The quantity {b-a} was the length of interval of integration. Now we will use the area of {Q}, denoted {|Q|}. And {\overline{f}=\frac{1}{|Q|}\iint_Q f} is now the mean value of {f} on {Q}. At first glance one might conjecture the following version of (1):

\displaystyle    \frac{1}{|Q|}\iint_Q |f(x,y)-\overline{f}|\,dx\,dy \le C \int_Q |\nabla f(x,y)|\,dx\,dy   \ \ \ \ \ (2)

But this can’t be true because of inconsistent scaling. The left side of (2) is scale-invariant as before. The right side is not. If we shrink the cube by factor of {2}, the gradient {|\nabla f|} will go up by {2}, but the area goes down by {4}. This suggests that the correct inequality should be

\displaystyle    \frac{1}{|Q|}\iint_Q |f(x,y)-\overline{f}|\,dx\,dy \le C \left(\int_Q |\nabla f(x,y)|^2\,dx\,dy\right)^{1/2}   \ \ \ \ \ (3)

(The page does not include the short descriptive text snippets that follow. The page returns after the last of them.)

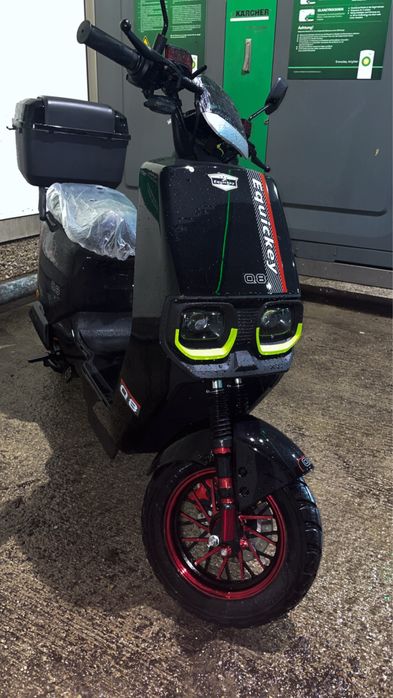 Moped scuter scooter electric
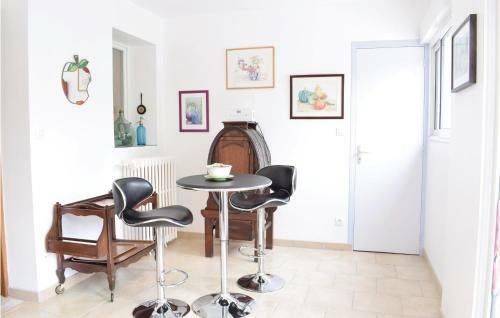 Holiday Home Rue Des Barres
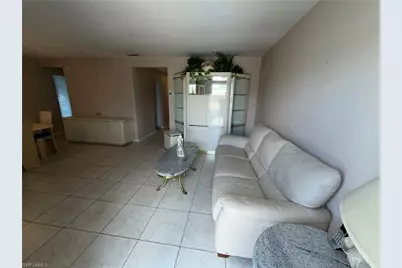 25 Temple Ct, Lehigh Acres, FL 33936 - Photo 8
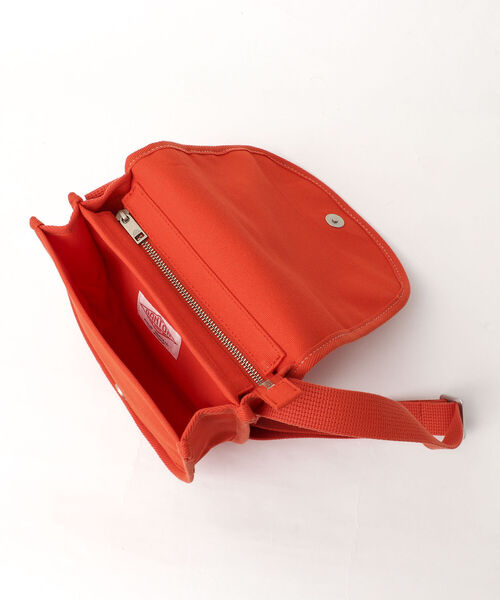 DANTON(ダントン)の「【DANTON/ダントン】COTTON SHOULDER BAG DT-H0142 LCS(ショルダーバッグ・メンズ・マスタード/インディゴブルー/レッド/グレー/ブラック/ベージュ・FREE)」の10枚目の写真
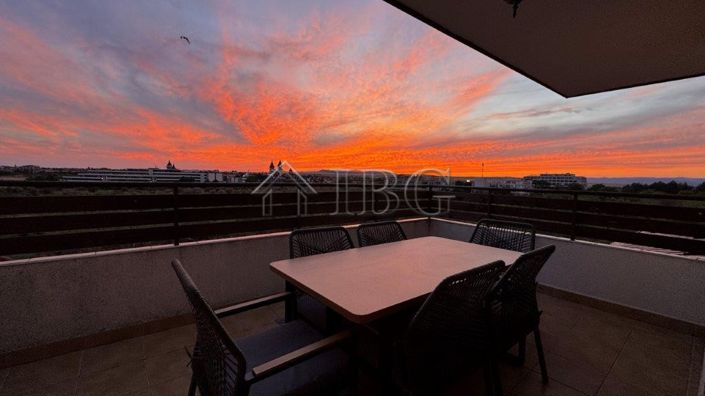 Image No.2-Appartement de 2 chambres à vendre à Burgas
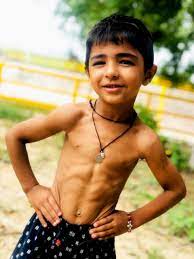 Mama's abs after two kids omg. Meet Archit Deswal From India Youngest Kid With 6 Pack Abs At The Age Of 4 5 Years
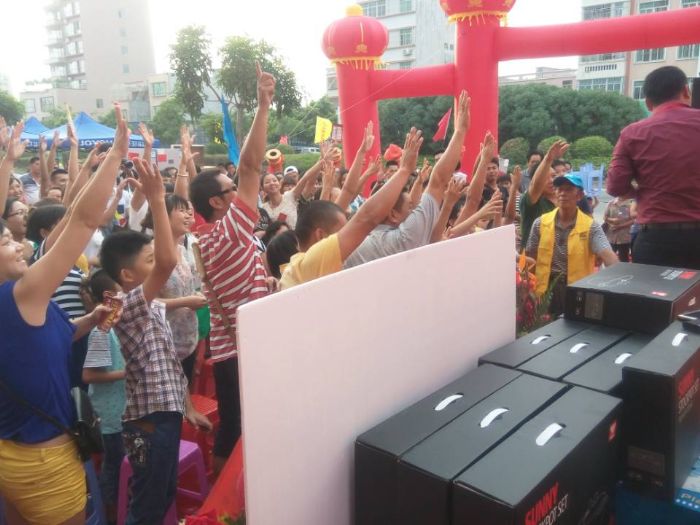 汕头凯发K8国际瓷砖品牌旗舰店开业现场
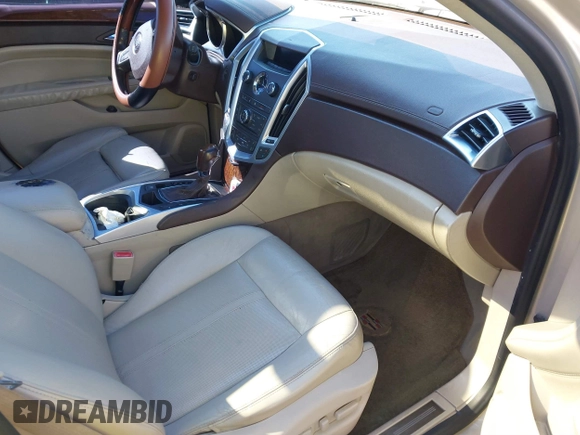 2010 Cadillac SRX Luxury Collection with VIN 3GYFNAEY0AS539075, listed as a IAAI auction lot 41736440 with 230,343 mi miles. Bid and sale history available at carsss.com. Image 5.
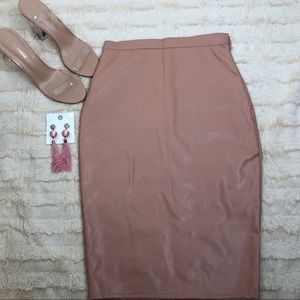 Missguided Mauve-pink faux leather skirt-Size US 4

We need the square root so that the right side of (3) scales correctly with {f}: to first power.

And here is the proof. Let {f(*,y)} denote {f} averaged over {x}. Applying (1) to every horizontal segment in {Q}, we obtain

\displaystyle    \frac{1}{h}\iint_Q |f(x,y)-f(*,y)|\,dx\,dy \le \frac12 \int_Q |f_x(x,y)|\,dx\,dy    \ \ \ \ \ (4)

where {h} is the sidelength of {Q}. Now work with {f(*,y)}, using (1) along vertical segments:

\displaystyle  \frac{1}{h}\iint_Q |f(*,y)-f(*,*)|\,dx\,dy \le \frac12 \int_Q |f_y(*,y)|\,dx\,dy    \ \ \ \ \ (5)

Of course, {f(*,*)} is the same as {\overline{f}}. The derivative on the right can be estimated: the derivative of average does not exceed the average of the absolute value of derivative. To keep estimates clean, simply estimate both partial derivatives by {|\nabla f|}. From (4) and (5) taken together it follows that

\displaystyle    \frac{1}{h}\iint_Q |f(x,y)-\overline{f}|\,dx\,dy \le \int_Q |\nabla f(x,y)|\,dx\,dy    \ \ \ \ \ (6)

This is an interesting result (a form of the Poincar\'{e} inequality), but in the present form it’s not scale-invariant. Remember that we expect the square of the gradient on the right. Cauchy-Schwarz to the rescue:

\displaystyle    \int_Q 1\cdot |\nabla f| \le \left( \int_Q 1 \right)^{1/2} \left( \int_Q |\nabla f|^2 \right)^{1/2}

The first factor on the right is simply {h}. Move it to the left and we are done:

\displaystyle    \frac{1}{|Q|}\iint_Q |f(x,y)-\overline{f}|\,dx\,dy \le \left(\int_Q |\nabla f(x,y)|^2\,dx\,dy\right)^{1/2}   \ \ \ \ \ (7)

In higher dimensions we would of course have {n} instead of {2}. Which is one of many reasons why analysis in two dimensions is special: {L^n} is a Hilbert space only when {n=2}.

The left side of (7) is the mean oscillation of {f} on the square {Q}. The integrability of {|\nabla f|^n} in {n} dimensions ensures that {f} is a function of bounded mean oscillation, known as BMO. Actually, it is even in the smaller space VMO because the right side of (7) tends to zero as the square shrinks. But it need not be continuous or even bounded: for {f(x)=\log\log |x| } the integral of {|\nabla f|^n} converges in a neighborhood of the origin (just barely, thanks to {\log^n |x|} in the denominator). This is unlike the one-dimensional situation where the integrability of {|f'|} guarantees that the function is bounded.